- Tingira Heights
- Coordinates: 32°59′46″S 151°39′36″E﻿ / ﻿32.996°S 151.660°E
- Country: Australia
- State: New South Wales
- City: Greater Newcastle
- LGA: City of Lake Macquarie;
- Location: 16 km (9.9 mi) SW of Newcastle; 6 km (3.7 mi) SSW of Charlestown;
- Established: 1960s

Government
- • State electorate: Charlestown;
- • Federal division: Hunter;

Area
- • Total: 4.2 km^{2} (1.6 sq mi)

Population
- • Total: 2,043 (2021 census)
- • Density: 486/km^{2} (1,260/sq mi)
- Postcode: 2290
- Parish: Kahibah
Suburbs around Tingira Heights
| Eleebana | Mount Hutton | Windale |
| Eleebana | Tingira Heights | Jewells |
| Croudace Bay | Floraville | Belmont North |

= Tingira Heights =

Tingira Heights is a suburb of City of Lake Macquarie in New South Wales, Australia, 16 km south-west of Newcastle's central business district on the eastern side of Lake Macquarie. It was developed in the 1960s.

==History==
The Awabakal are the traditional people of this area.

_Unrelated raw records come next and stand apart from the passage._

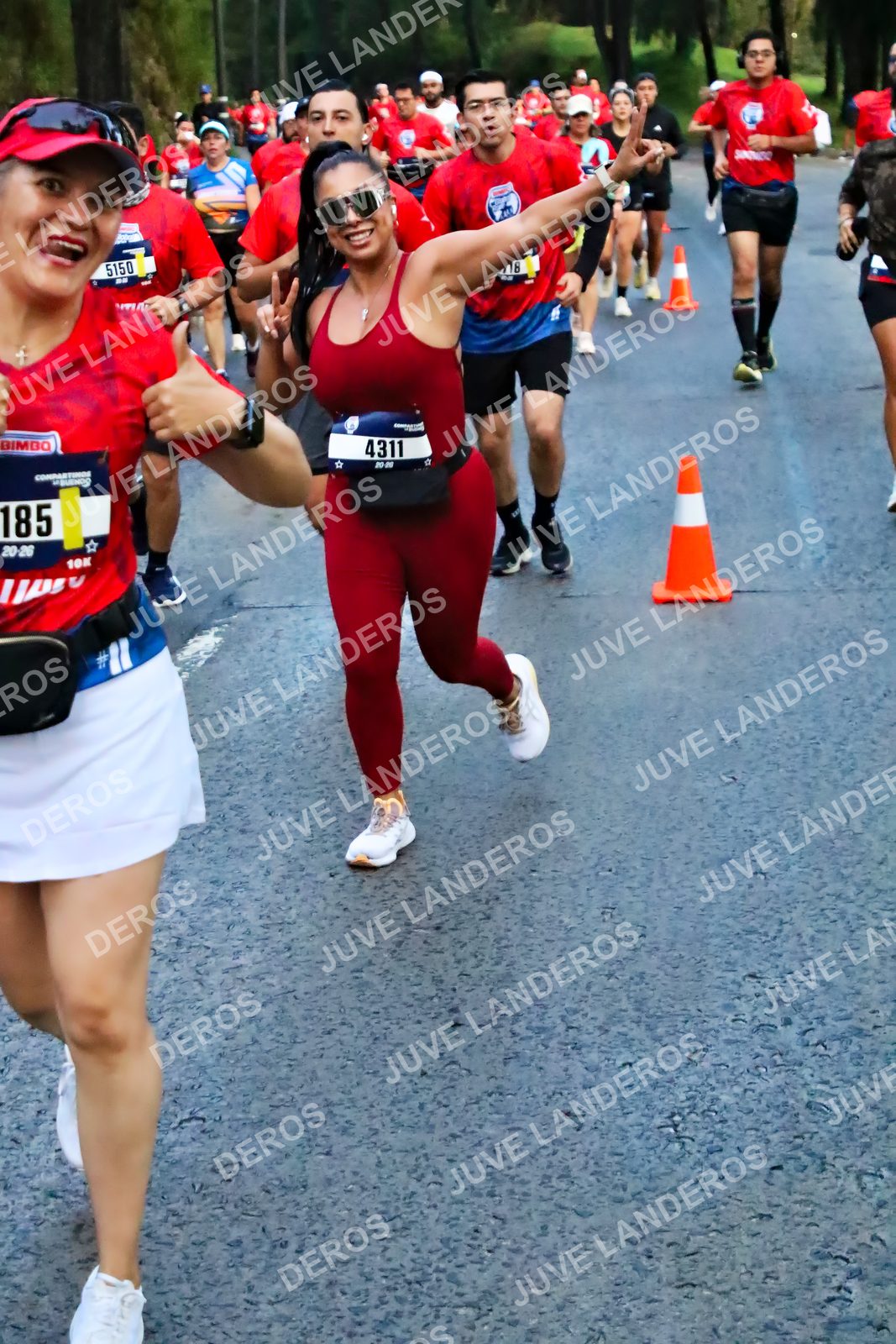 Foto de la CARRERA BIMBO GLOBAL RACE GUADALAJARA en Centro Comercial Andares, Blvd. Puerta de Hierro 4965, Zapopan a las 04:50 · dorsal 185, 4311, 5150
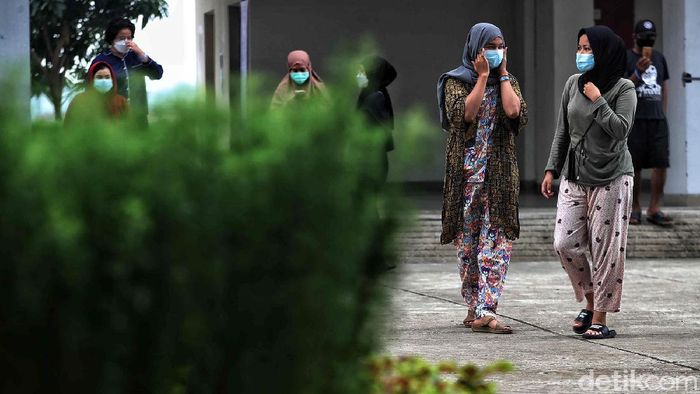 Pemprov DKI Jakarta mulai mengaktifkan Rusun Nagrak Cilincing, Jakarta Utara, sebagai lokasi isolasi pasien COVID-19 tak bergejala. Begini suasana terkini di rusun tersebut.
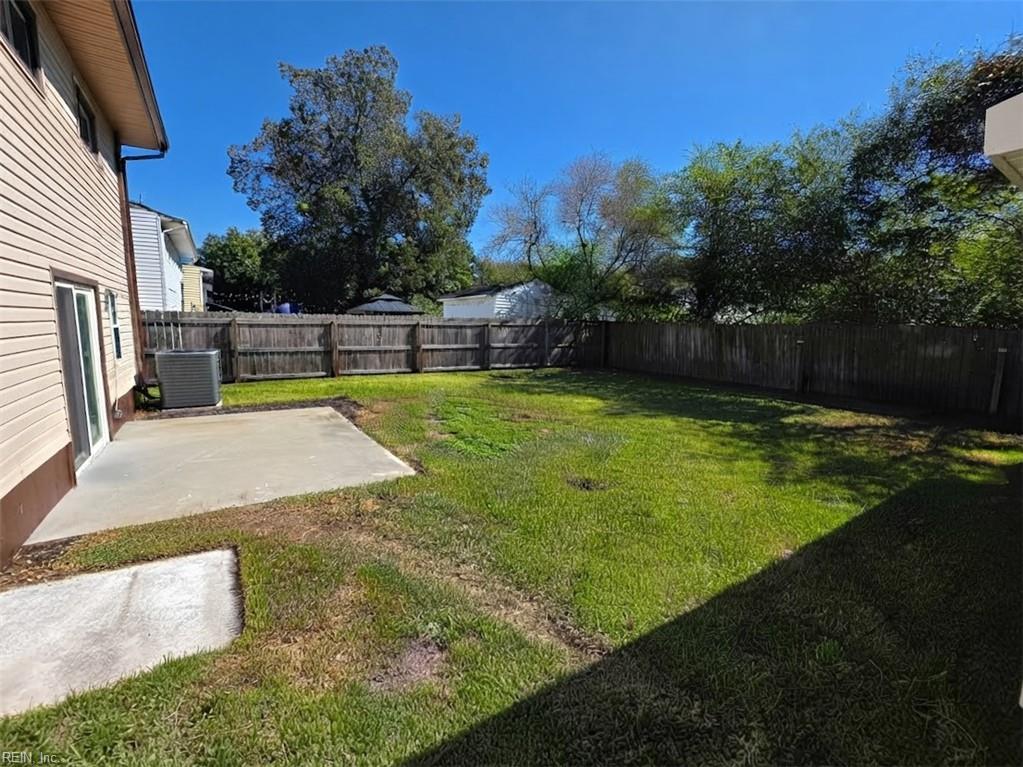 5341 Roslyn Dr Property Photo 24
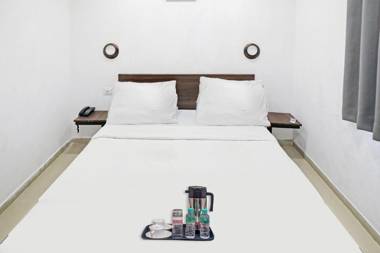 Oyo Townhouse 427 Gokul Solitaire VIP Rd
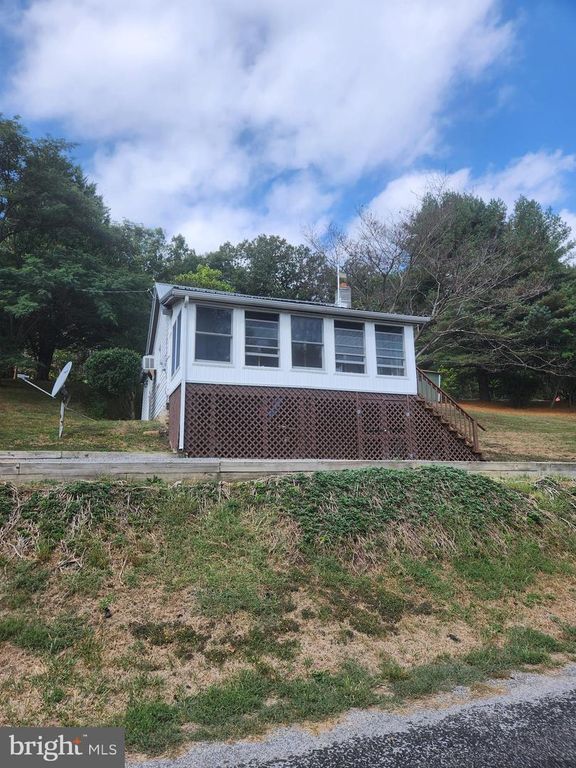 12364 SEAVOLT RD, Hancock, MD 21750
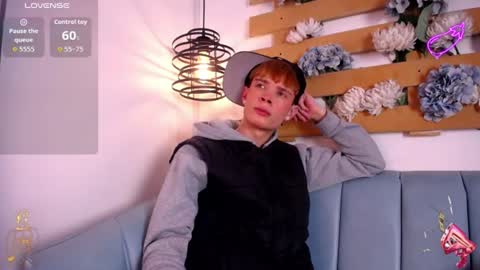 Snapshot of jack_frosst_ chatting on 06-12-26, 12:37 JACK online show from 06-12-26, 12:37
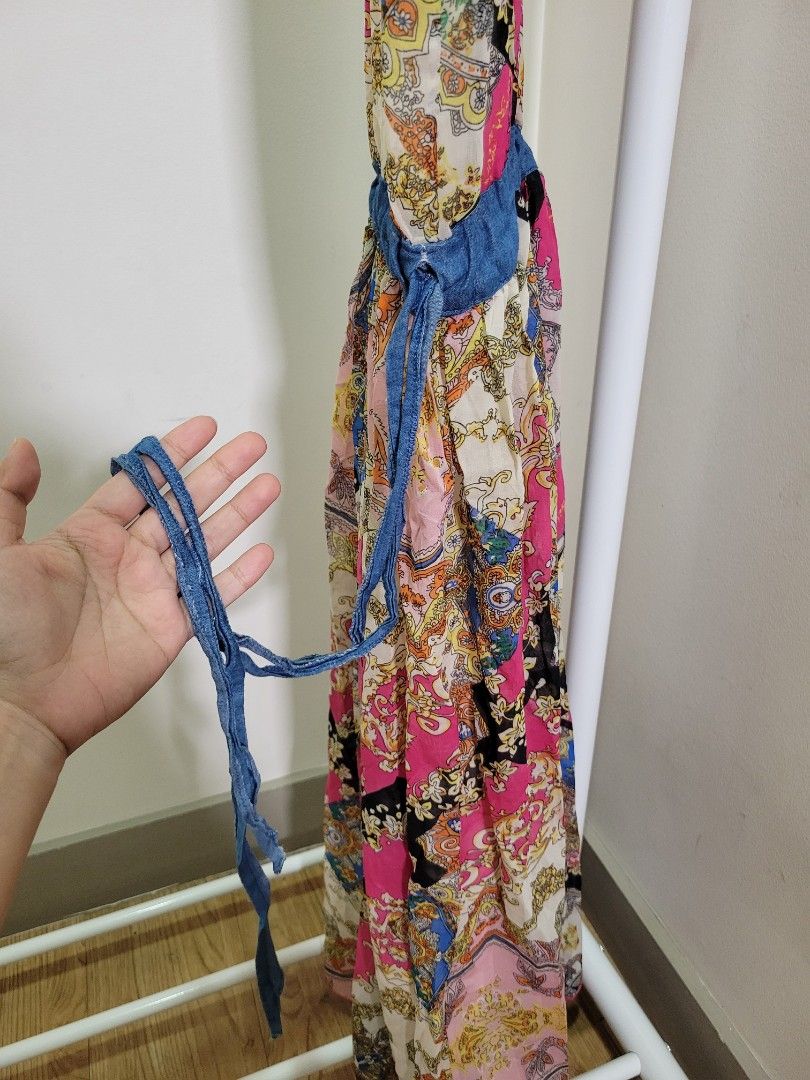 Summer Dress (Category: Dresses) located in Las Pinas. Submitted by cabinetchasu (Listing ID 1375387686, Image 3). Description: Please read before messaging 🔻⬇️🔽👇 Details: - Offbrand summer dress, hand me down but in good condition - Calf length, fits S to M body frame - RFS decluttering - Can offer last price to sure buyers only, just ask kindly MOP Gcash, BPI, or BDO Shipping fee care of buyer Can ship via LBC COP or J&T Express. For meetups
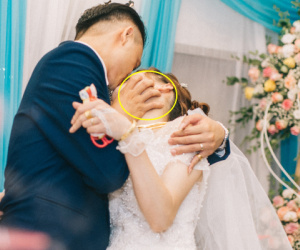 Chú rể thể hiện tình cảm quá 'cuồng nhiệt', dân mạng 'hết hồn' khi nhìn bàn tay phải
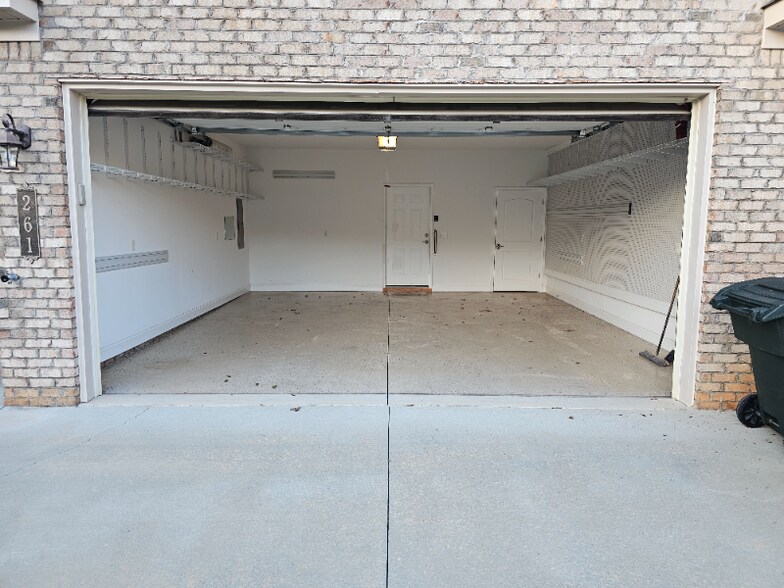 Building Photo - 261 Wrenwood Ct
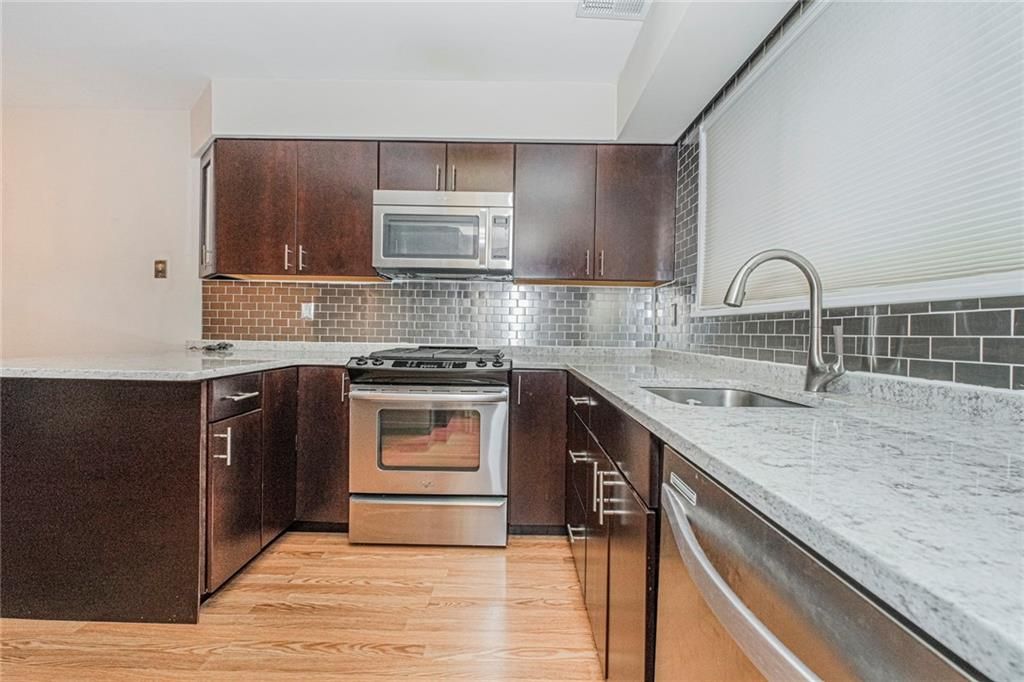 Photo of 709 Correll Avenue, Staten Island, NY 10309 (MLS # 500372)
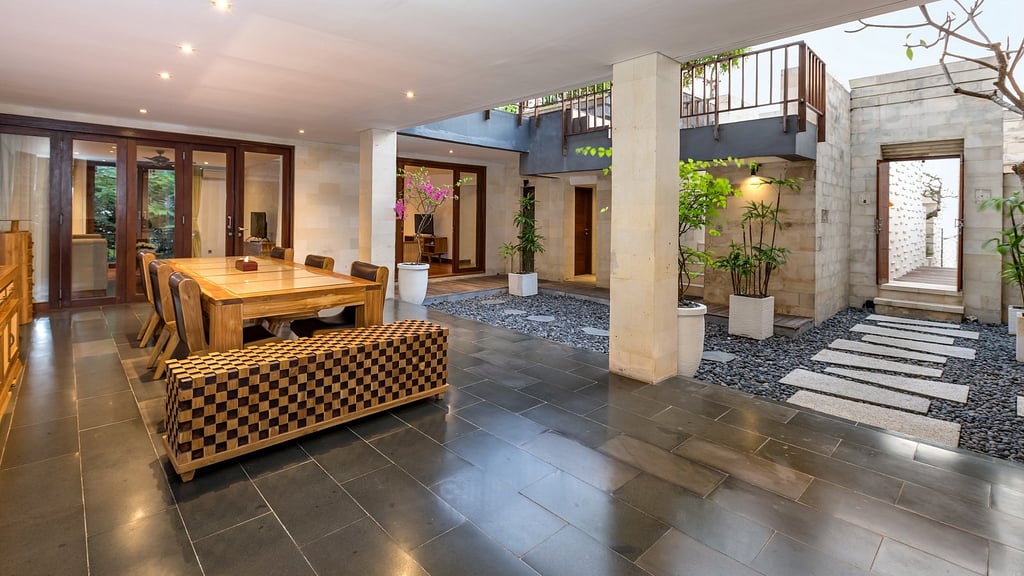 The Chands Estate: Dining area 7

Prior to 1965, the suburb was called Violet Town. A ship named after the Indigenous tribe Tingira (on the NSW/QLD border) was Australia's first naval training vessel in 1912 and was decommissioned in 1941. In 1965 the H.M.A.S Tingira Old Boys Association asked to have a town named after the ship, and the name was adopted by the Violet Town Progress Association. Tingara is an alternative spelling.